Exiljournalist berichtet über Zensur

Besonders eindrücklich war der Beitrag des russischen Exiljournalisten Ilya (Name geändert), der mit der Klasse diskutierte. Er sprach über Qualitätsjournalismus, Meinungsbildung und die Bedeutung freier Medien. „Ich träume davon, irgendwann nach Russland zurückzukehren“, erzählte Ilya. Seit 2022 lebt er in Deutschland, wie rund 3.000 weitere Journalisten und Aktivisten aus Russland.

Für die Jugendlichen war es eine neue Erfahrung, aus erster Hand von Zensur zu hören. „Ich habe das in Deutschland noch nie erlebt“, sagte Lisa. „Dass Menschen sich nicht frei äußern können, ist kaum vorstellbar“, ergänzte Ronja. Die Gespräche zeigten, wie selbstverständlich freie Meinungsäußerung in Deutschland für viele junge Menschen ist.

Fake News und Medienkompetenz

Neben der Pressefreiheit spielte auch der Umgang mit sozialen Medien eine Rolle. „Man spricht über mögliche Einschränkungen bei Social Media, aber entscheidend ist Aufklärung“, sagte Lukas Bolte von der Bildungsinitiative „Spreuweizen“. Es gehe darum, Nachrichtenkompetenz zu vermitteln und Fakten von Meinungen zu unterscheiden.

So arbeitet eine Lokalredaktion

Wie journalistische Arbeit konkret aussieht, erlebten die Schüler direkt vor Ort. Redaktionsleiter Alexander Kempf zeigte die Abläufe im Alltag. „Wir als Presse haben die Aufgabe, genau hinzuschauen – Politik zu kontrollieren und Missstände aufzudecken“, betonte Kempf. Die Schüler verfolgten, wie Themen ausgewählt, recherchiert und als Artikel veröffentlicht werden.

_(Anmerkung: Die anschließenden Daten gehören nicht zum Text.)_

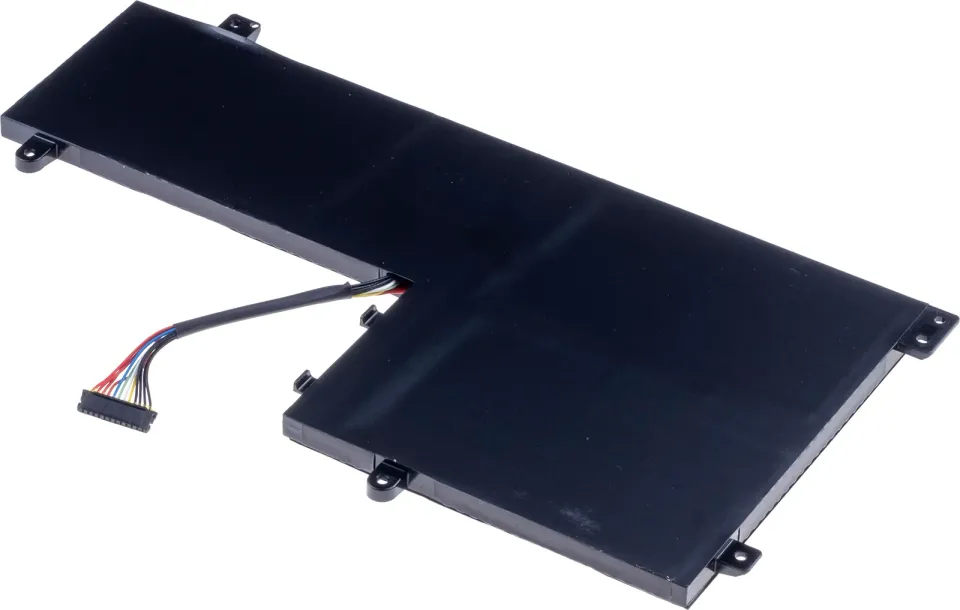 T6 POWER Baterie NBIB0200 NTB Lenovo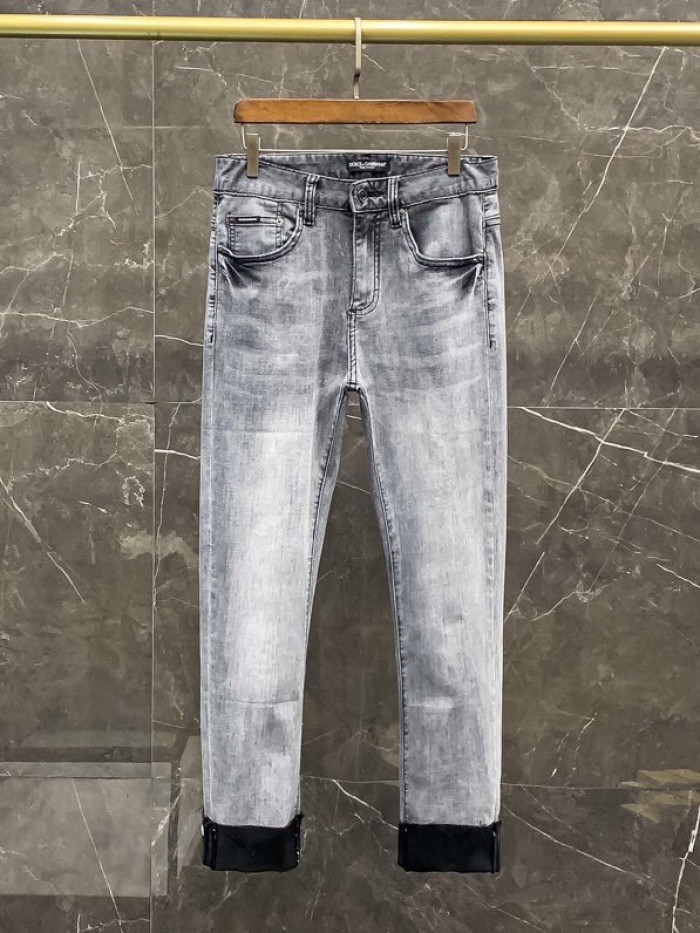 baskick jeans j024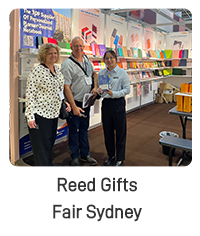 2027 phổ biến A4 PU da mở rộng tập tin thư mục danh mục đầu tư compendium với dây kéo đóng cửa Zip da thư mục tập tin - Product Image 6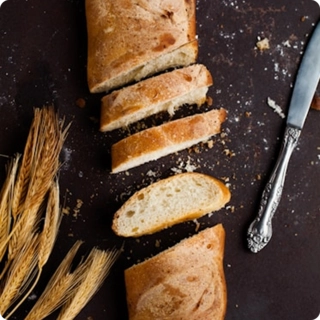 Breads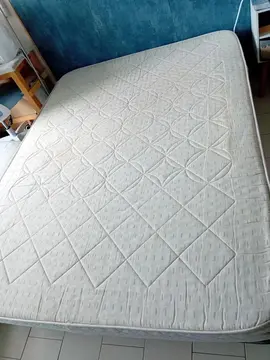 matelas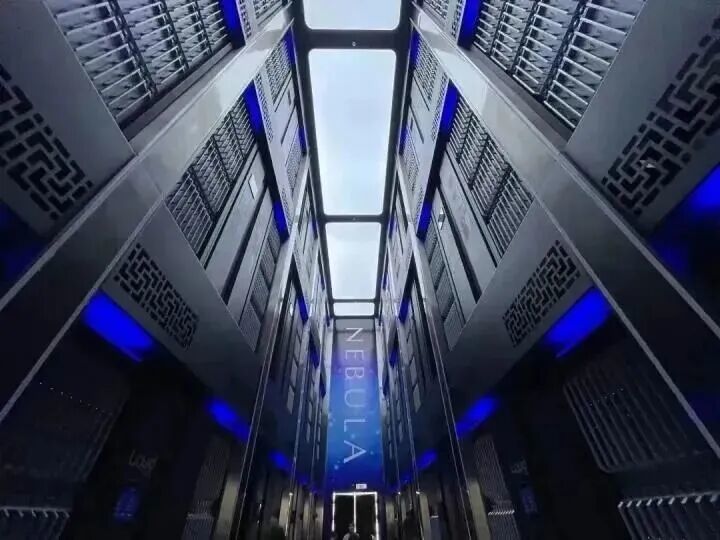 15710057748690.jpeg 圖片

Lokaljournalismus im digitalen Wandel

Zum Abschluss wurde deutlich, wie stark sich Lokaljournalismus verändert hat. Neben der gedruckten Zeitung spielen Online-Angebote, Apps und Social Media eine zentrale Rolle. Das eröffnet Chancen: Nachrichten verbreiten sich schneller, erreichen ein größeres Publikum und ermöglichen direkten Austausch. Für junge Menschen wird Lokaljournalismus dadurch zugänglicher – und bleibt ein wichtiger Bestandteil des demokratischen Zusammenlebens vor Ort.